I suppose there is always some good that can be seen in the darkest of places. I like to think more people have had their eyes opened to the pretensions of our leaders. But there’s a long way to go, before it gets better.
Speaking of Jesus though, how attractive he seems at this moment in time (like all other moments!). I call to mind the beautiful hymn;
Jesu dulcis memoria
dans vera cordis gaudia:
sed super mel et omnia
Ejus dulcis praesentia.
Nil canitur suavius,
nil auditur jucundius,
nil cogitatur dulcius,
quam Jesus Dei Filius.
Jesu, spes paenitentibus,
quam pius es petentibus!
quam bonus te quaerentibus!
sed quid invenientibus?
Nec lingua valet dicere,
nec littera exprimere:
expertus potest credere,
quid sit Jesum diligere.
Sis, Jesu, nostrum gaudium,
qui es futurus praemium:
sit nostra in te gloria,
per cuncta semper saecula.
(Sigh!)
There is nothing more that needs to be said.

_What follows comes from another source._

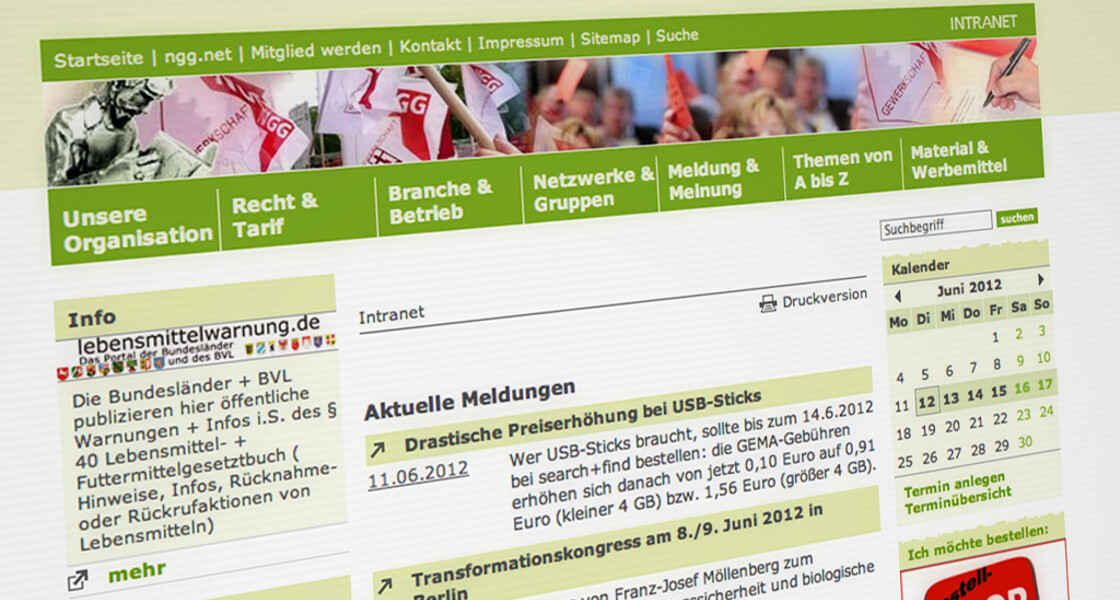 Intranet NGG Screenshot des Intranets auf www.ngg.net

Belated thanks for this – new to me! And, written gloriously though at a tense and troubling time (whether before or after Easter 1940 my attempts at searching could not discover). Hoping you have had a joyful Easter week and after, despite these oppressive times
World War II must have been a dreadful experience at any level of life, whether for the soldiers, airman and sailors, or for the prisoners being so inhumanly treated and killed, or for the lonely organist and choirmaster doing what he could with many of his men called to active service. Evelyn Waugh’s Brideshead Revisited describes Charles Ryder after the end of his halcyon days, the failure of his marriage and the incertitudes of his service in the Army.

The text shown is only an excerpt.